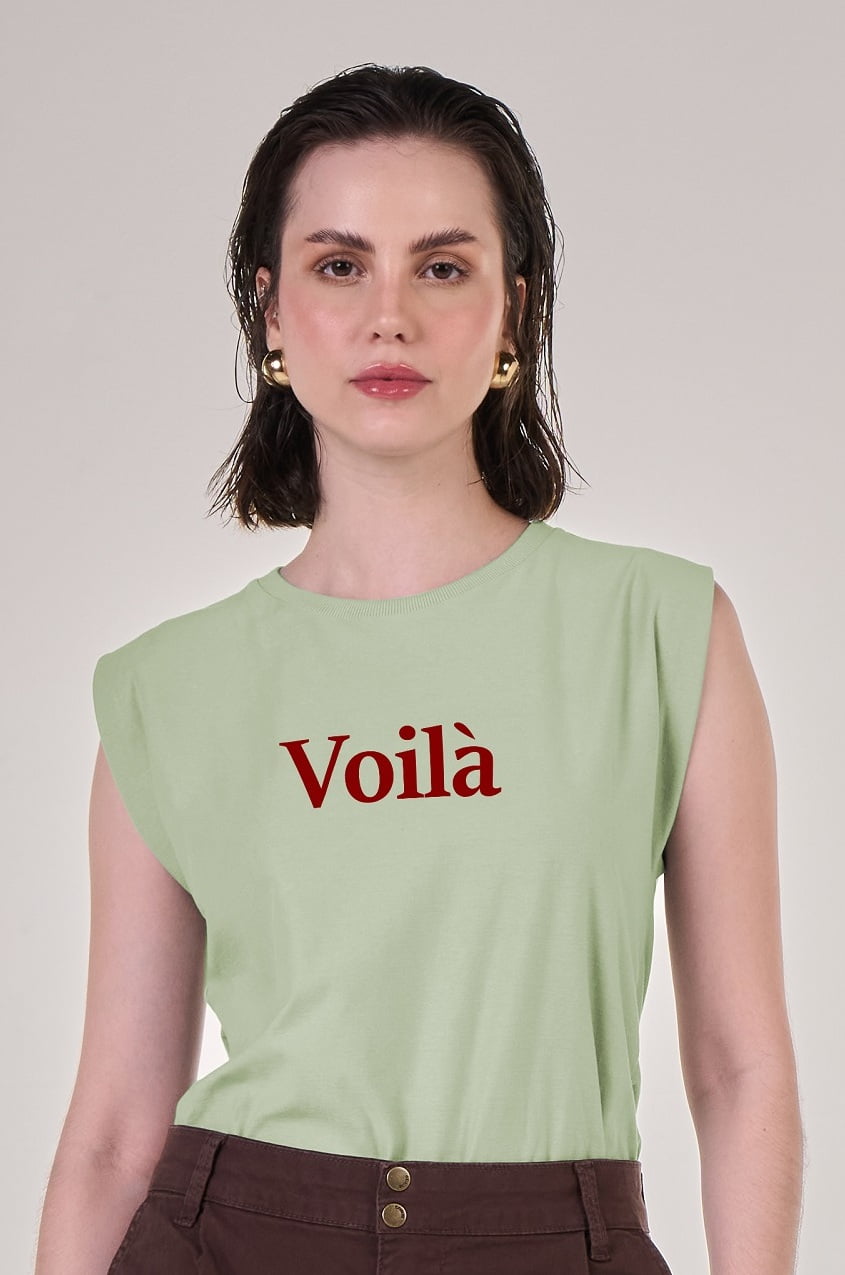 Regata Muscle Verde Malva C'est La Vie - Cópia (1)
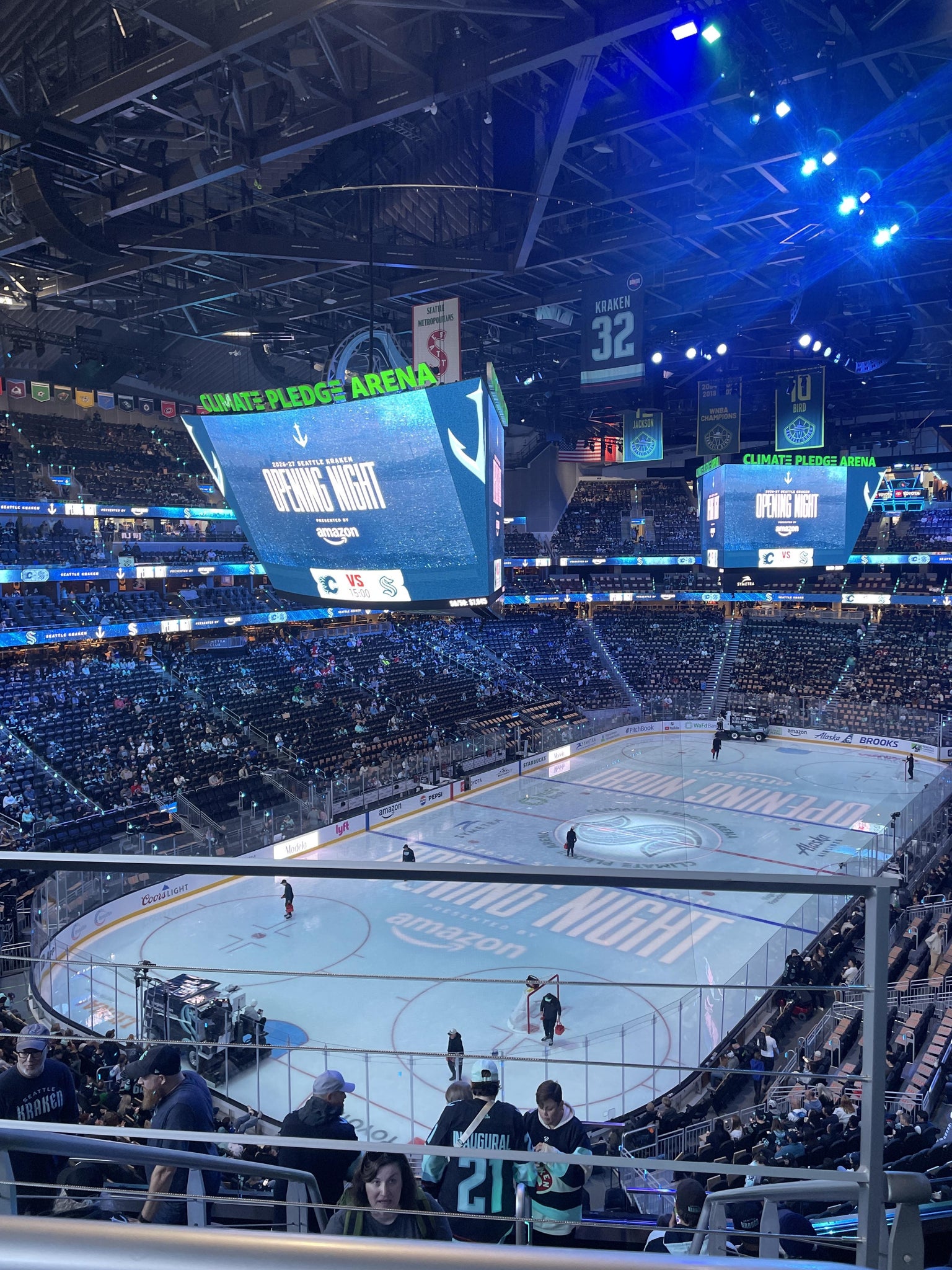 Real Fan View taken from Section 119 at Climate Pledge Arena by Marlen P
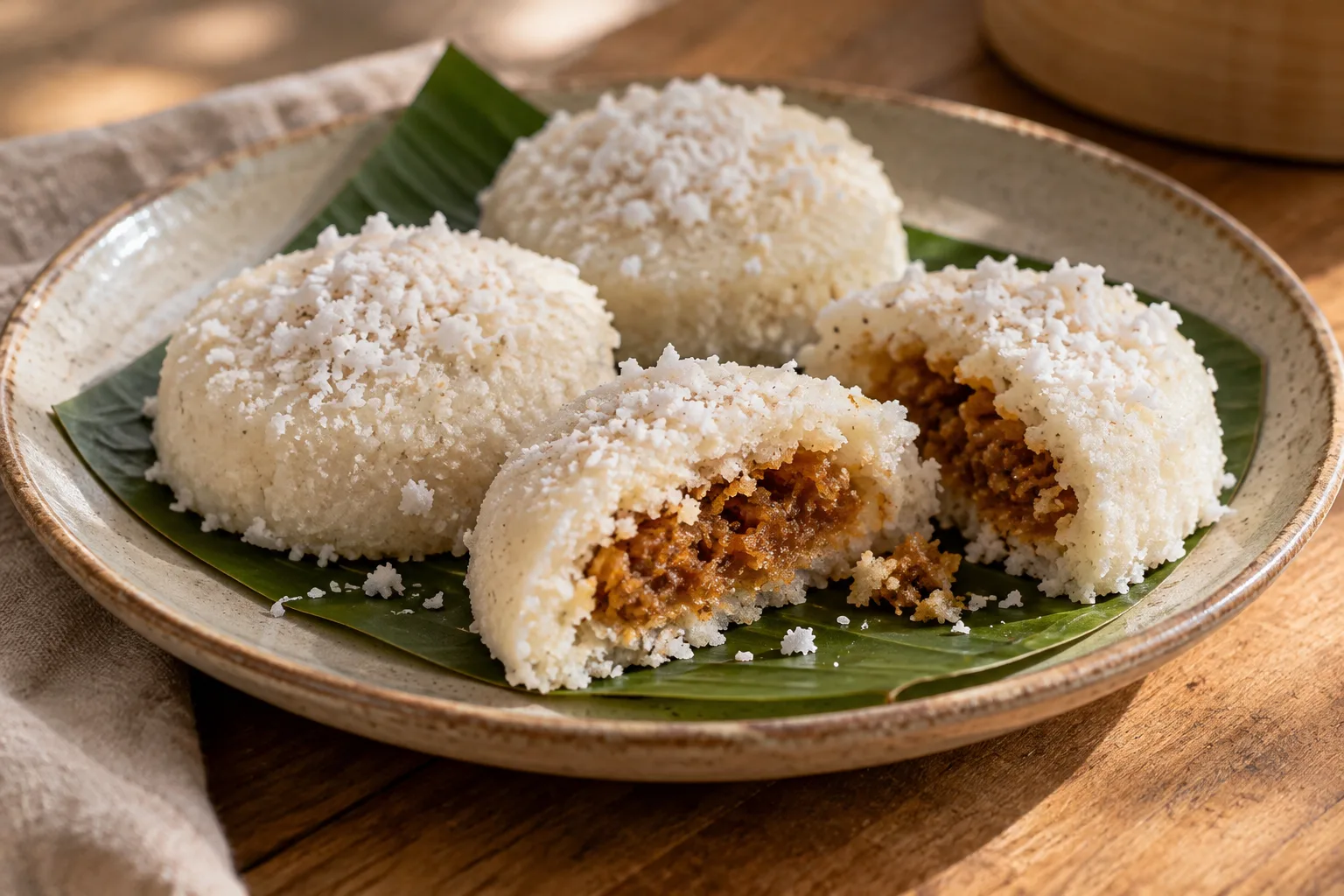 Bhapa pitha bangladesi al vapore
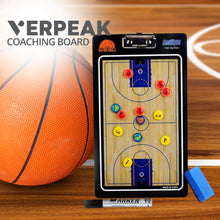 Load image into Gallery viewer, VERPEAK Foldable Basketball Coaching Board with Magnetic Number Pieces &amp; Marker Pen (Black)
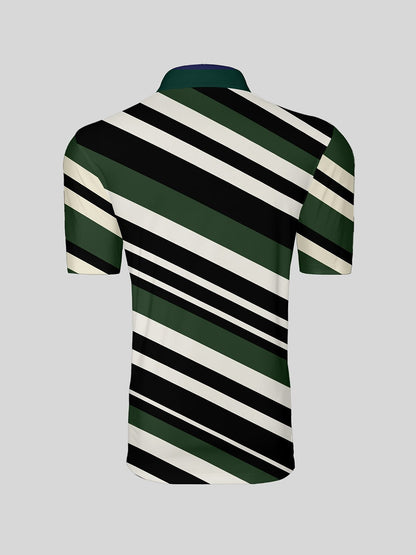 ハイパープレップ メンズ リブ襟ポロシャツ UPF50+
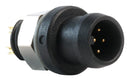 Multicomp PRO MP002487 Circular Connector MP M6 Snap-In Connectors Panel Mount Receptacle 6 Contacts Solder Pin
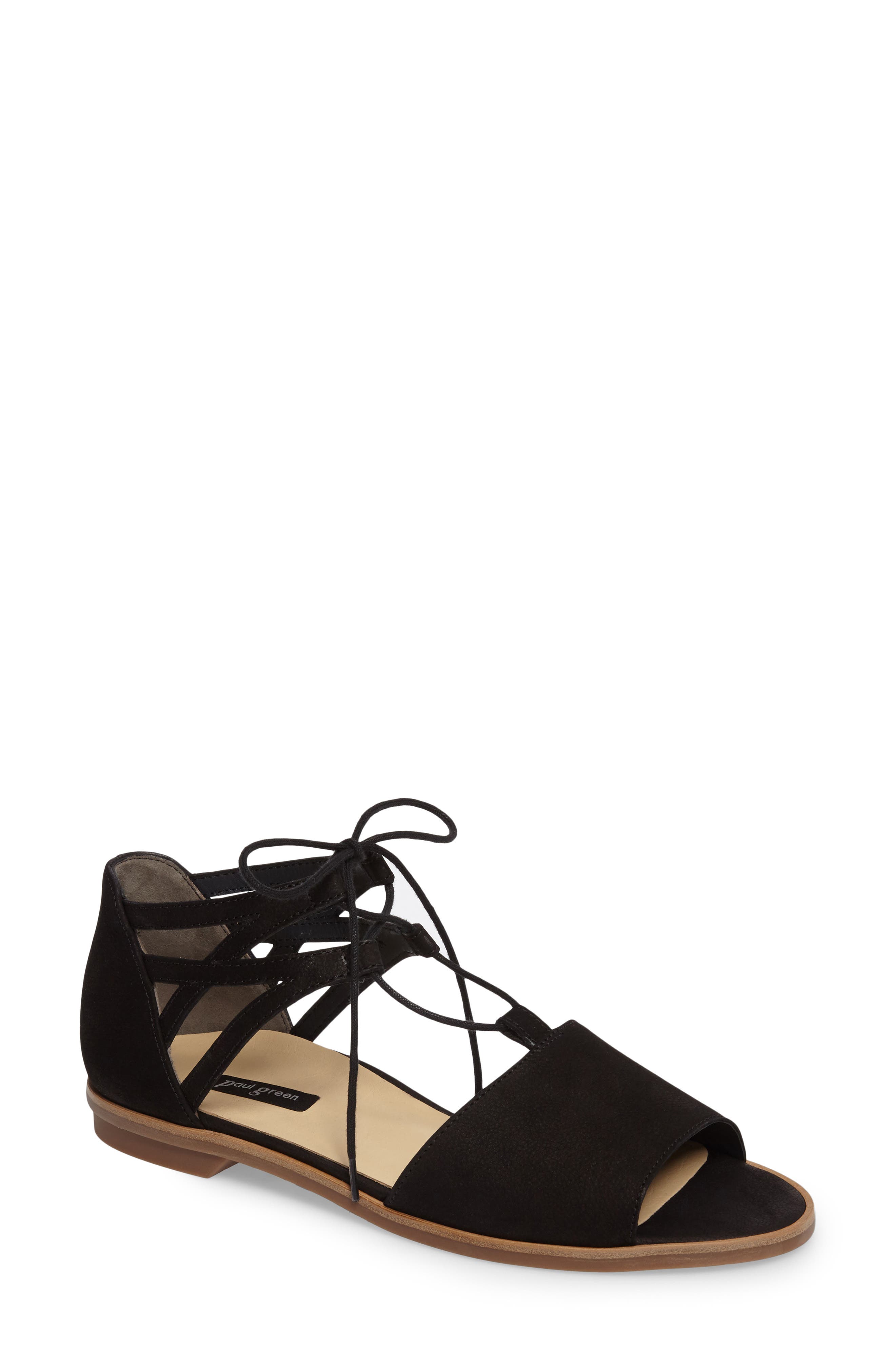 Paul Green Morea Lace-Up Sandal, Main, color, 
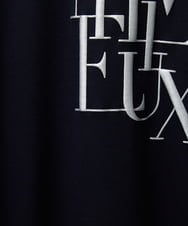 PHKGD16180 GEORGES RECH(小さいサイズ)(メゾン ドゥ サンク) メタリックロゴプリント5分袖カットソー ホワイト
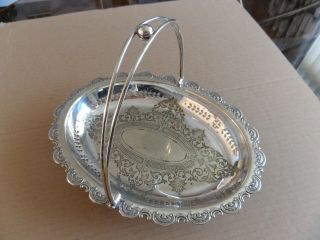 11 " X 8 " Silver Plated Lift Handle Serving Dish From J.  D & Co.  Ld.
= = = = = = =
Only the lines from the one containing "PHKGD16180 GEORGES RECH(小さいサイズ)(メゾン" through the end of the listing above should be reproduced, exactly as they stand. Leave the pictures out.

 PHKGD16180 GEORGES RECH(小さいサイズ)(メゾン ドゥ サンク) メタリックロゴプリント5分袖カットソー ホワイト
 11 " X 8 " Silver Plated Lift Handle Serving Dish From J.  D & Co.  Ld.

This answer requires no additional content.